The batch function provides better performance than individual parsing when processing multiple files, as it reduces the overhead of repeated function calls.

API Reference

Functions

parse_mmcif(filepath: str, as_dataclass: bool = False) -> dict | MmcifData | dict[str, dict] | dict[str, MmcifData]

Parse an mmCIF file or files matching a glob pattern.

  • filepath: Path to mmCIF file or glob pattern
  • as_dataclass: If True, returns MmcifData dataclass(es) with dot notation access
  • Returns:
    • Single file + dict: Dictionary with 'atoms' key
    • Single file + dataclass: MmcifData instance
    • Glob pattern + dict: Dictionary mapping file paths to parsed data
    • Glob pattern + dataclass: Dictionary mapping file paths to MmcifData instances
  • Supports wildcards: * (any characters), ? (single character), ** (recursive)

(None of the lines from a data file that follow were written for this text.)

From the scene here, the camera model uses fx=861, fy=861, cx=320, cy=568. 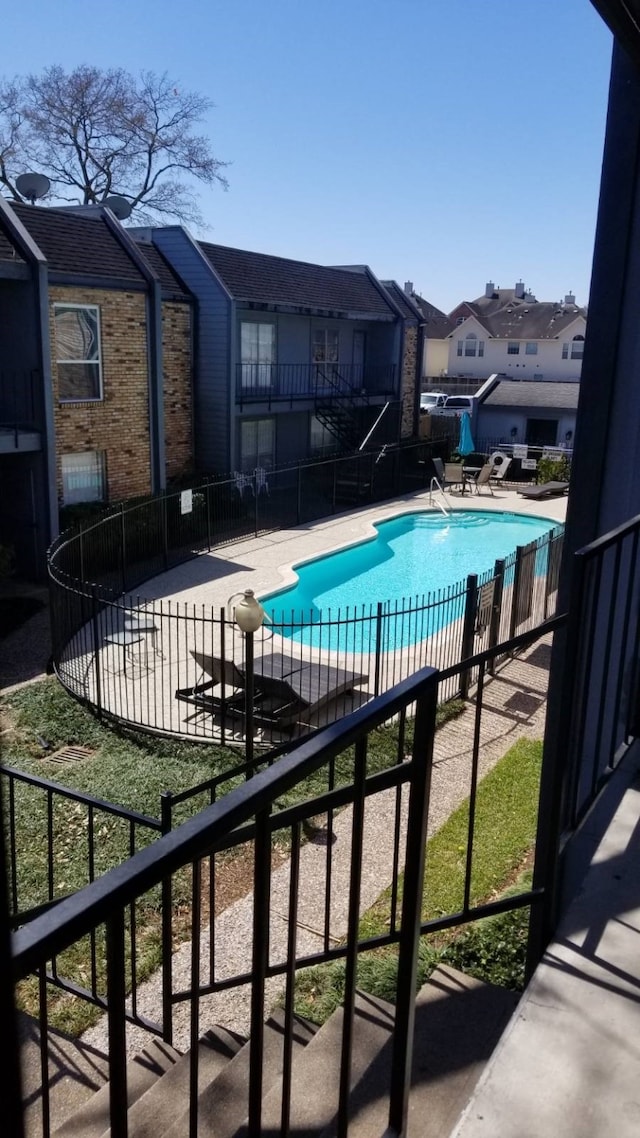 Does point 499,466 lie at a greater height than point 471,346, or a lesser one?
lesser

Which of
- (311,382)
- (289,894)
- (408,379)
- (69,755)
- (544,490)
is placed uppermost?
(408,379)

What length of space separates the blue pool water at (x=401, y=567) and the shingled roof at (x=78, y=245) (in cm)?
721

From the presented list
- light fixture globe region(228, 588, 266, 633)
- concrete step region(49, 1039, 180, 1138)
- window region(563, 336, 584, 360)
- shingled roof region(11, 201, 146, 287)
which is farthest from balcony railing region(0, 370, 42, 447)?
window region(563, 336, 584, 360)

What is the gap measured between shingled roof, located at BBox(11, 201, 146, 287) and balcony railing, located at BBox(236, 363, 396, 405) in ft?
16.3

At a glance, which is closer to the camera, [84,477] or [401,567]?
[84,477]

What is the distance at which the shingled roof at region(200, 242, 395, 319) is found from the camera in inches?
894

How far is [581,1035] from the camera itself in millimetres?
2613

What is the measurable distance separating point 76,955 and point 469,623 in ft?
21.6

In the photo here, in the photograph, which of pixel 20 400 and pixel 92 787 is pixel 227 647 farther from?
pixel 20 400

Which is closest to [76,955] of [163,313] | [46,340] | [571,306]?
[46,340]

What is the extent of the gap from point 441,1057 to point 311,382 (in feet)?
83.4

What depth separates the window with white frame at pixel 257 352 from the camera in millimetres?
24141

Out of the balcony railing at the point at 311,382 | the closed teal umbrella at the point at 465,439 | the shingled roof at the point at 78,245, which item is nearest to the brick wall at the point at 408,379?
the balcony railing at the point at 311,382

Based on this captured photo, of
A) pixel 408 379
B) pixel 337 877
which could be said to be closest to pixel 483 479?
pixel 408 379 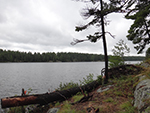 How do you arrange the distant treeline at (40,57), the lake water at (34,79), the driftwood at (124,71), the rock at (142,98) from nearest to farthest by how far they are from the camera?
1. the rock at (142,98)
2. the driftwood at (124,71)
3. the lake water at (34,79)
4. the distant treeline at (40,57)

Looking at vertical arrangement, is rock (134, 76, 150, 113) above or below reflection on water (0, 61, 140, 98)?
above

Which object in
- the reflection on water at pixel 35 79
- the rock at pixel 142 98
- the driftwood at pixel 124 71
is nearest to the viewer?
the rock at pixel 142 98

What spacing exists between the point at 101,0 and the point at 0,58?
13146 centimetres

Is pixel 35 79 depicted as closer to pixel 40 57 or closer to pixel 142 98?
pixel 142 98

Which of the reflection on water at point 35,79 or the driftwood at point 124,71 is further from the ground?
the driftwood at point 124,71

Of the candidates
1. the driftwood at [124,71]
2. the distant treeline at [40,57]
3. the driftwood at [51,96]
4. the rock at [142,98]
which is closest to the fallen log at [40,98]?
the driftwood at [51,96]

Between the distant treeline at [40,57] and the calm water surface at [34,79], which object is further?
the distant treeline at [40,57]

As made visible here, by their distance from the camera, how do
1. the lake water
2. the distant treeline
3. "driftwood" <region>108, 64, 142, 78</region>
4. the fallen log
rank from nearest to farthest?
the fallen log < "driftwood" <region>108, 64, 142, 78</region> < the lake water < the distant treeline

parse_mmcif_batch(filepaths: list[str] | str, as_dataclass: bool = False) -> list[dict] | list[MmcifData] | dict[str, dict] | dict[str, MmcifData]

Parse multiple mmCIF files in a single operation.

  • filepaths: List of paths, single path, or glob pattern
  • as_dataclass: If True, returns MmcifData dataclass(es) with dot notation access
  • Returns:
    • No glob + dict: List of dictionaries with parsed data
    • No glob + dataclass: List of MmcifData instances
    • With glob + dict: Dictionary mapping file paths to parsed data
    • With glob + dataclass: Dictionary mapping file paths to MmcifData instances
  • More efficient than parsing files individually when processing multiple structures

get_atom_count(filepath: str) -> int

Get the number of atoms in an mmCIF file.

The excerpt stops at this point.